Immer wieder ist für Luther der Wein ein Hinweis auf die Güte Gottes, als er einmal sehr guten Wein trank, sagte er: "Gott hat den Bauern so guten Wein gegeben", daher können wir "schließen, was er uns nach diesem Leben geben wird, wenn er uns schon hier auf Erden so große Gaben zugeteilt hat." Einen Krug Wittenbergisches Bier trank Luther ebenso, aber doch sagte er: "Der Wein ist gesegnet und in der Heiligen Schrift bezeugt, das Bier aber ist eine menschliche Erfindung."

Lebensfreude und Geselligkeit gehörten für Luther zu einem sinnvollen Leben, von Kostverächtung war er weit entfernt. Als er 1538 zu einer Hochzeit eingeladen wird, kostete er vor dem Beginn der Feier die Weine und sagte: "Man solle den Gästen einen guten Trunk geben, damit sie fröhlich werden; denn wie die Heilige Schrift sagt: Das Brot stärkt das Herz des Menschen, der Wein aber macht es froh."

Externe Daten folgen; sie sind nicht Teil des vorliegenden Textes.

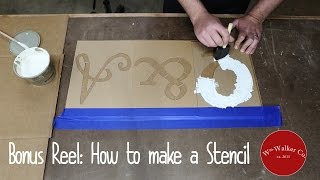 How to make a DIY stencil [upl. by Kay110]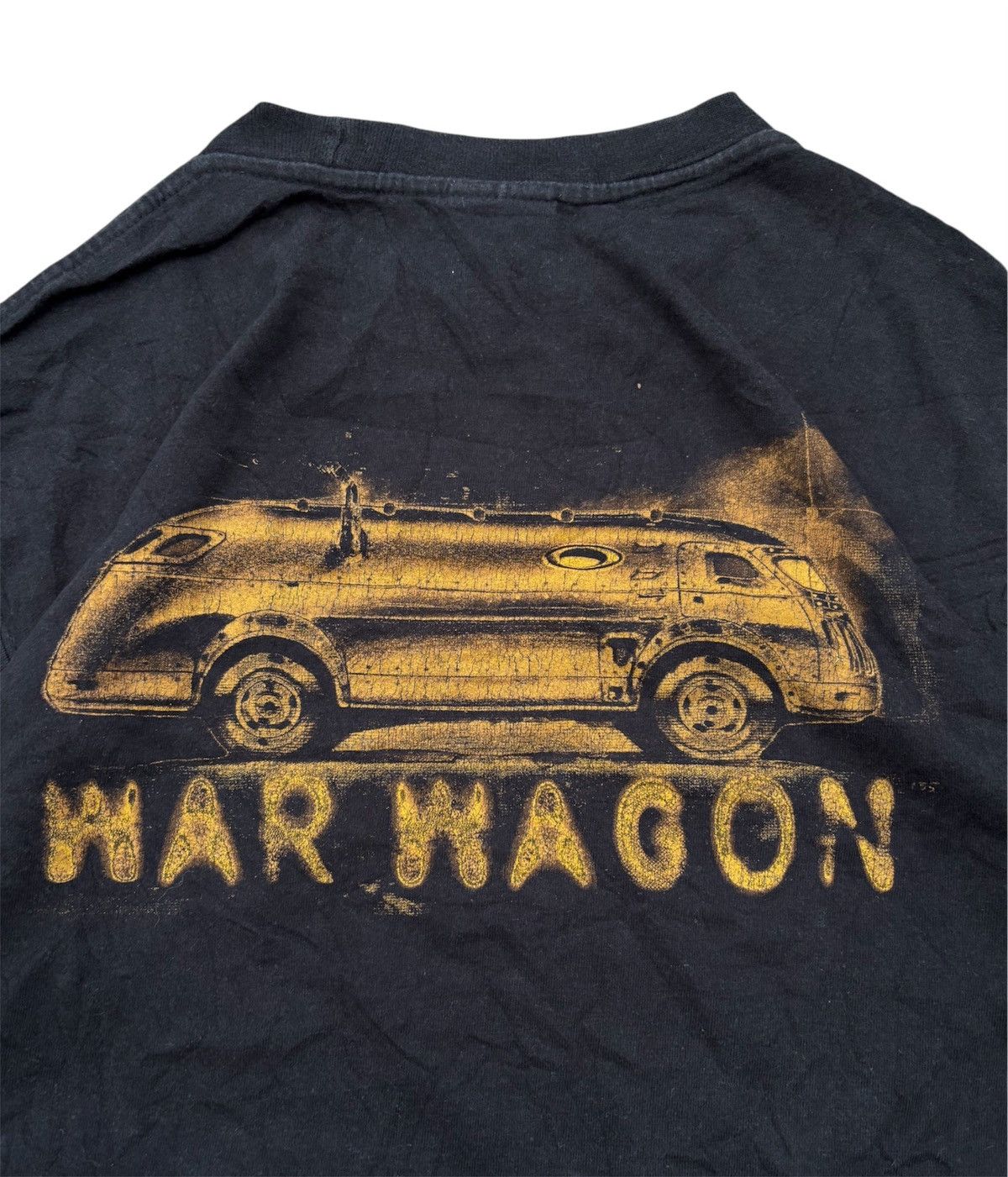 Oakley Vintage Oakley Software War Wagon T-shirt Size US L / EU 52-54 / 3 - 3 Thumbnail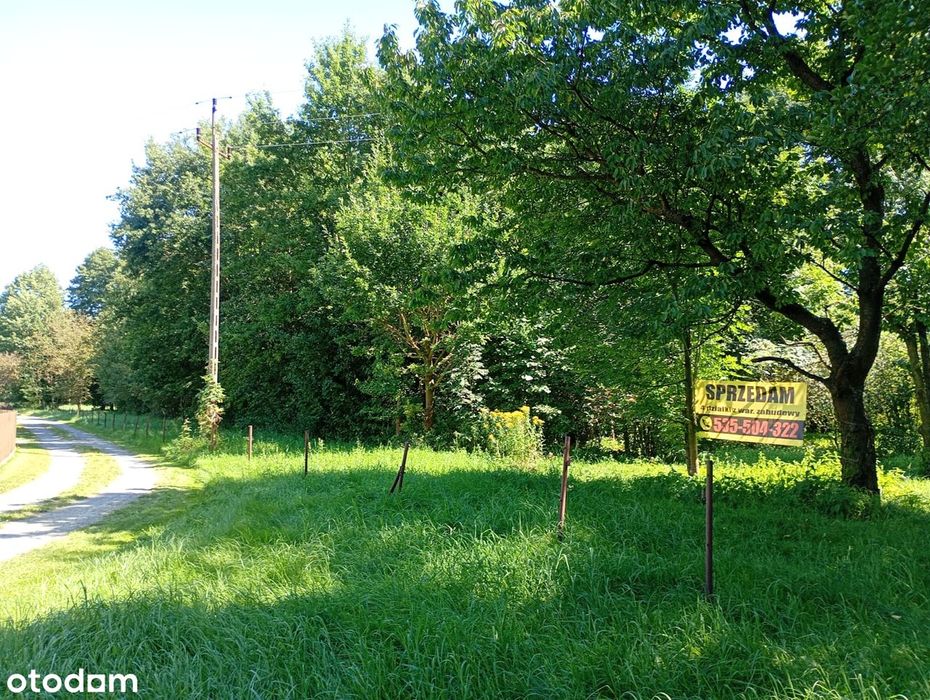 Atrakcyjna działka z warunkami zabudowy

Der Wein ist in Luthers Überzeugung viel mehr als ein Genussmittel, dass ihn andere für diese Einstellung tadelten wusste er, aber es störte ihn nicht besonders. Er glaubte fest daran, dass Gott ihm einen guten Trunk verzeiht, den er bisweilen zu seinen Ehren trinkt, wo er ihm doch viel schwerere Vergehen gnädig vergibt. "Gott gebe, die Welt lege es auch, wie sie wolle."

Für Luther ist Gott kein Gott der Strafe und der Rache, er ist ein "Gott der Freude, der Liebe und der Gnade". Das fand er beim Lesen in der Bibel heraus und brachte es in seiner Bibelübersetzung in deutscher Sprache unter das Volk. Er war überzeugt: Allein Christus, alleine der Glaube, allein die Gnade. Der Buchdruck hat seine Überzeugung in raschen Schritten in ganz Europa und in der ganzen Welt bekannt gemacht.

Die Freiheit eines Christenmenschen, von der Luther überzeugt war, bedeutete für ihn jedoch nicht, dass Menschen zügellos und egoistisch leben sollen. Vielmehr ging es ihm um das rechte Mass. Einem Christen ist alles erlaubt, das lehrt bereits das Neue Testament, wenn er es nur mäßig tue. Das gilt auch für Essen und Trinken. Ob nun aber Bier oder Wein, die Trunkenheit, die von ihnen ausgehen kann, war Luther ein Gräuel.

Als Professor der Theologie war Martin Luther ein gebildeter Mann, aber er war auch überzeugt, dass man dem Volk aufs Maul schauen muss. Wer will, dass die Menschen ihren christlichen Glauben verstehen, der muss in der Sprache des Volkes reden. So sind auch viele seiner berühmten Tischreden und Sprüche mit etwas derberen Äußerungen angefüllt, wie es eben zu seiner Zeit auch üblich war. Manche seiner Sprüche sind so berühmt, dass kaum jemand weiß, dass sie von ihm sind. Zum Beispiel: "Der Wein und die Frauen bringen manchen Jammer und Herzeleid, machen viele zu Narren und zu wahnsinnigen Leuten. "Wollen wir darum den Wein wegschütten und die Frauen von uns fern halten?" Luthers Antwort ist Nein.

Und der am meisten bekannte Spruch ist wohl der: "Wer nicht liebt, Wein Weib und Gesang, der bleibt ein Narr ein Leben lang." Zu diesem Ausspruch habe ich in einem Weingeschäft in Sydney eine sehr humorvolle Erweiterung und Veränderung gefunden: "Wenn Wein, Weib und Gesang eines Tages für dich zu viel werden, hör auf zu singen." Über diesen Spruch hätte Luther sicherlich herzlich gelacht!